Section 144 of the Criminal Procedure Code (CrPC) of 1973 authorises the Executive Magistrate of any state or territory to issue an order to prohibit the assembly of four or more people in an area. According to the law, every member of such ‘unlawful assembly’ can be booked for engaging in rioting.
Section 144 is imposed in urgent cases of nuisance or apprehended danger of some event that has the potential to cause trouble or damage to human life or property. Section 144 of CrPC generally prohibits public gathering.
Section 144 has been used in the past to impose restrictions as a means to prevent protests that can lead to unrest or riots. The orders to impose Section 144 have been conferred to Executive Magistrate when there is an emergency situation.
Section 144 also restricts carrying any sort of weapon in that area where it has been imposed and people can be
detained for violating it. The maximum punishment for such an act is three years.
According to the order under this section, there shall be no movement of public and all educational institutions shall also remain closed and there will be a complete bar on holding any kind of public meetings or rallies during the period of operation of this order.
Moreover, obstructing law enforcement agencies from dispersing an unlawful assembly is a punishable offence.
Section 144 also empowers the authorities to block the internet access.
144 CrPC bars the conduct of certain activities or actions or events which are allowed to be done in regular course. It is imposed to ensure maintenance of peace and tranquillity in an area.
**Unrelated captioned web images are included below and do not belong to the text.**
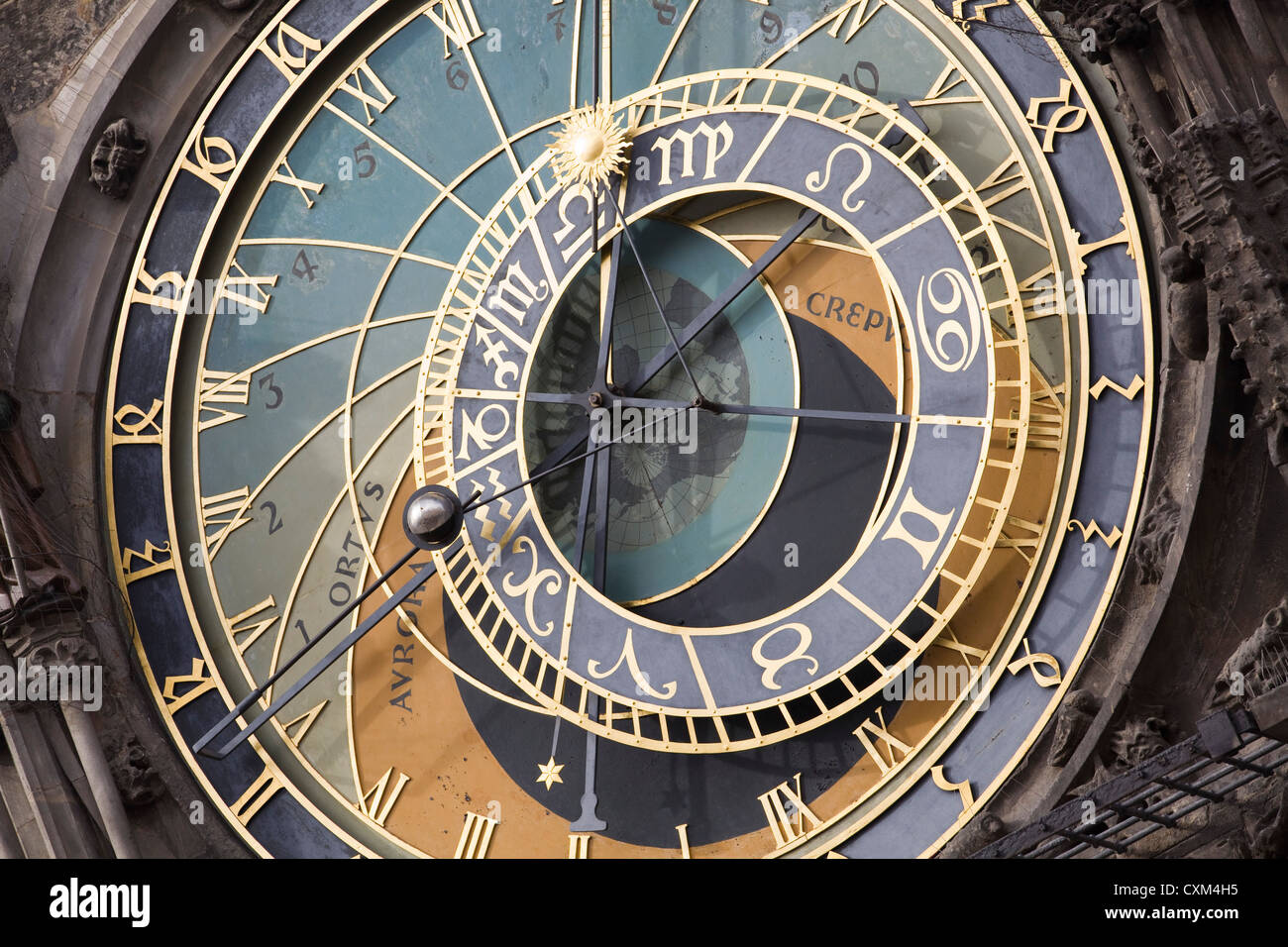 An Abstract view of the famous Prague Astronomical Clock Prague Orloj Stock Photo
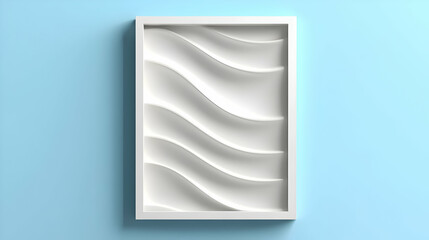 White Frame Poster Mockup with Wave Pattern on Blue Background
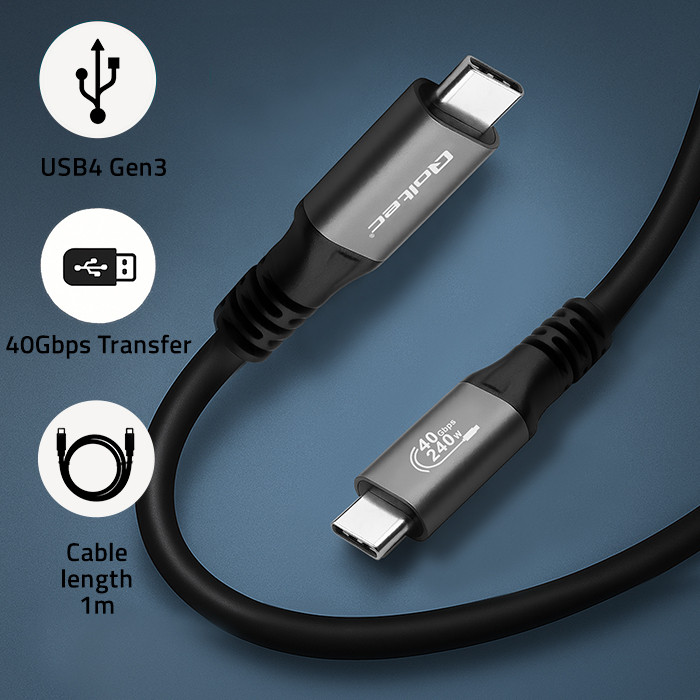 Qoltec USB-C-Kabel 50669 | 240W | 1m | 4K | Schwarz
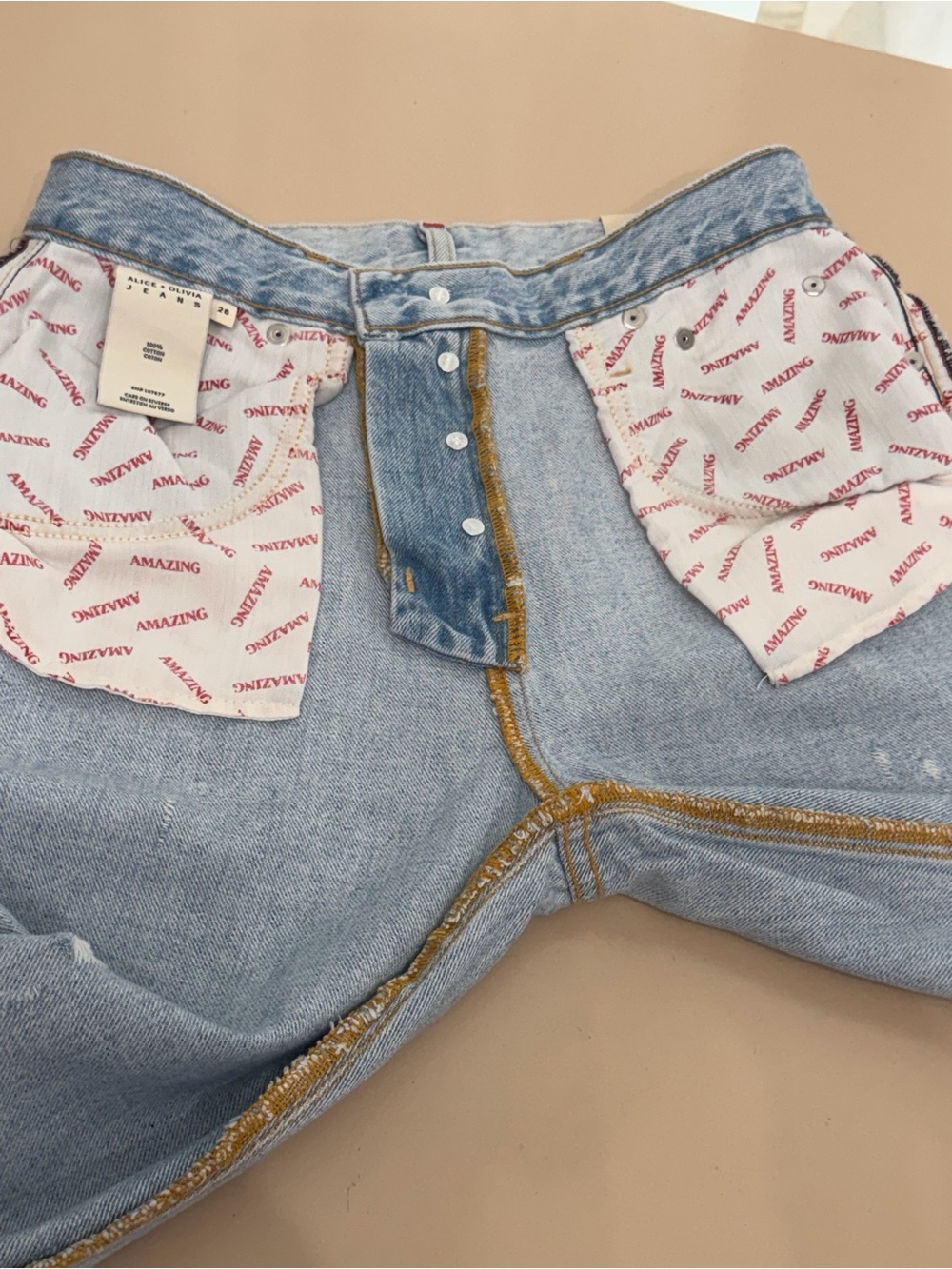 Alice + Olivia Amazing High Rise Boyfriend Distressed Straight Leg Jeans Size 26 - Picture 14 of 14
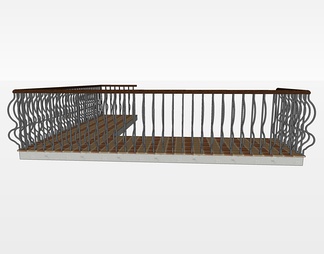 铁艺栏杆su免费模型下载(1)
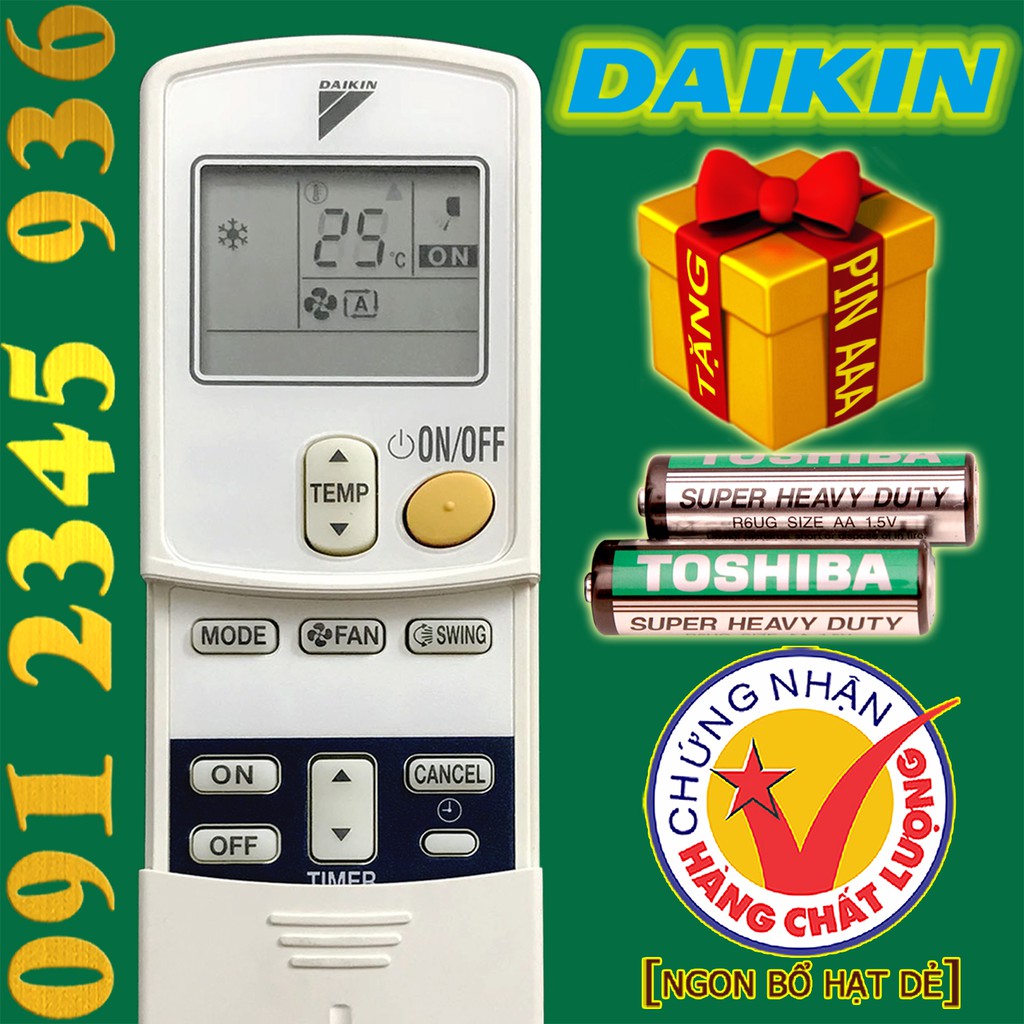 Điều khiển DAIKIN "HÀNG ĐẸP" cho điều hòa 1 chiều. (Mẫu số 1)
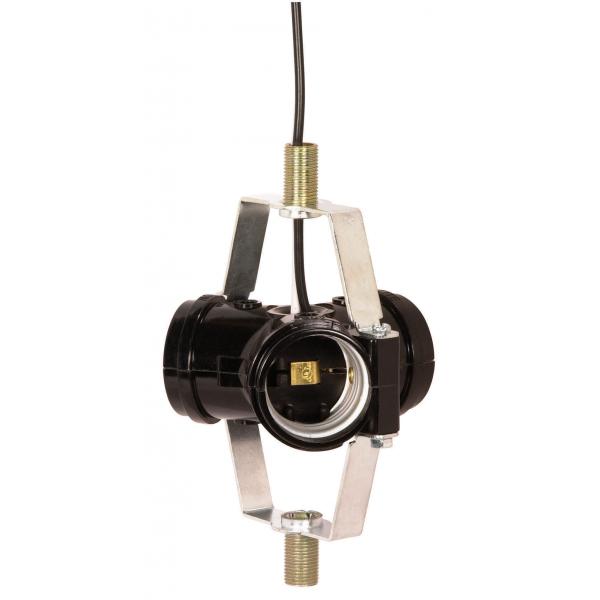 Phenolic 3-Light Cluster Socket - 1-3/4" 1/8 IP Threaded Top Bracket With 5/8" Nipple - 12" AWM B/W Leads 105C - 660W - 250V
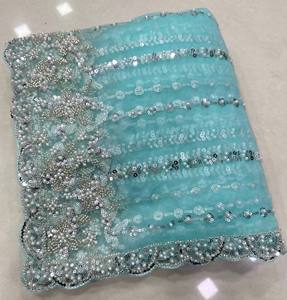 Turquoise <b>Net</b> Saree Embroidered Blouse <b>Dupatta</b> Women Traditional Indian Wedding Wear Floor-Length Regular Fit Quick Dry All - Product Image 6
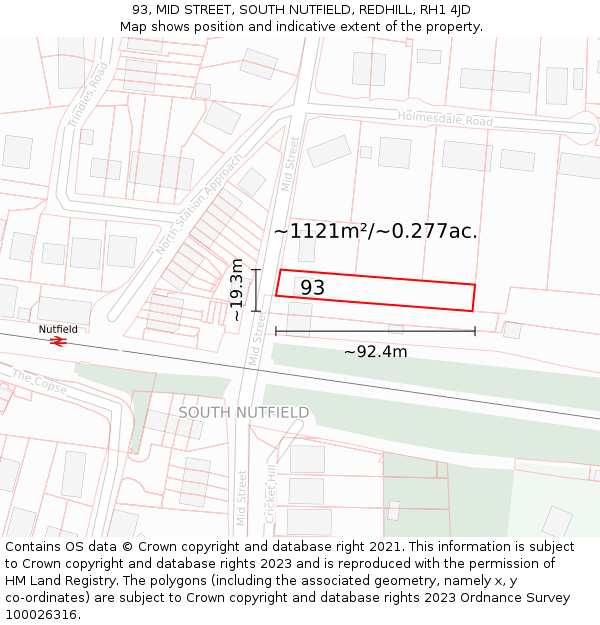 93, MID STREET, SOUTH NUTFIELD, REDHILL, RH1 4JD: Plot and title map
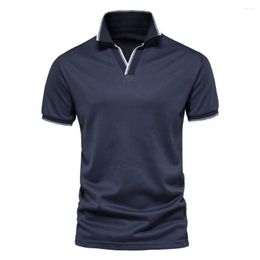 Men's Polos V Neck Polo Shirts For Men Solid Colour Short Sleeve Classic T-Shirt Mens 2023 Summer Shirt Clothing Tee Tops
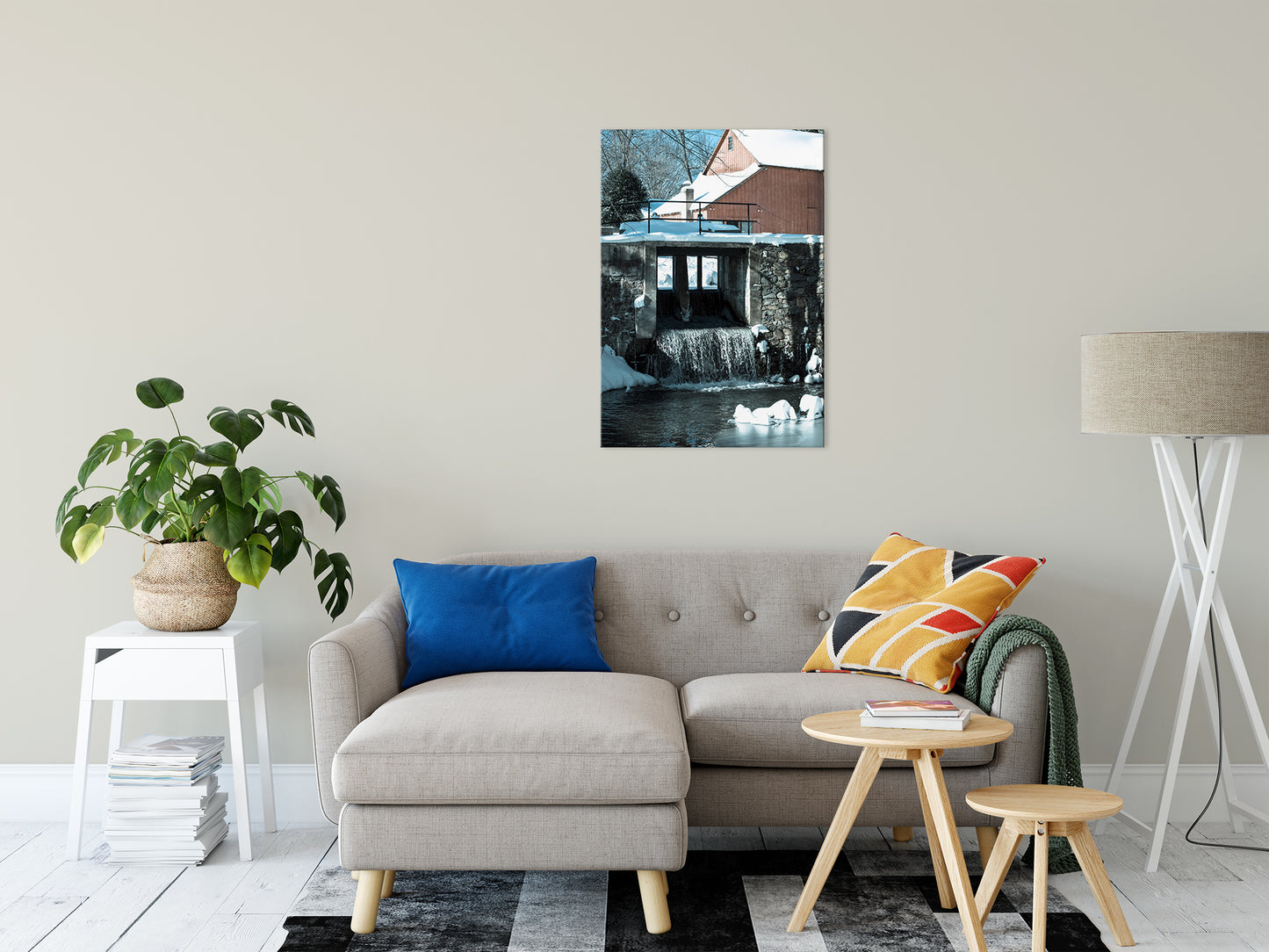 Winter Mill Rural Landscape Photograph Fine Art Canvas Wall Art Prints 24" x 36" - PIPAFINEART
Duration of Section 144 order
No order under Section 144 shall remain in force for more than two months but the state government can extent the
validity for two months and maximum up to six months. It can be withdrawn at any point of time if situation becomes normal.
Why is Section 144 in news?
In view of the prevailing security situation in Jammu and Kashmir in recent days, the government has imposed Section 144 of the Code of Criminal Procedure (CrPC) in the state. According to the order, “any pre-planned
congregation/sudden unforeseen congregation of ritualistic nature shall be conducted with the prior approval of the District Magistrate”. These developments come days after Indian Army had said that Pakistani terrorists were plotting to carry out an attack
on the Amarnath Yatra and that the security forces had recovered a Pakistan Ordnance Factory anti-personnel mine from a terror cache.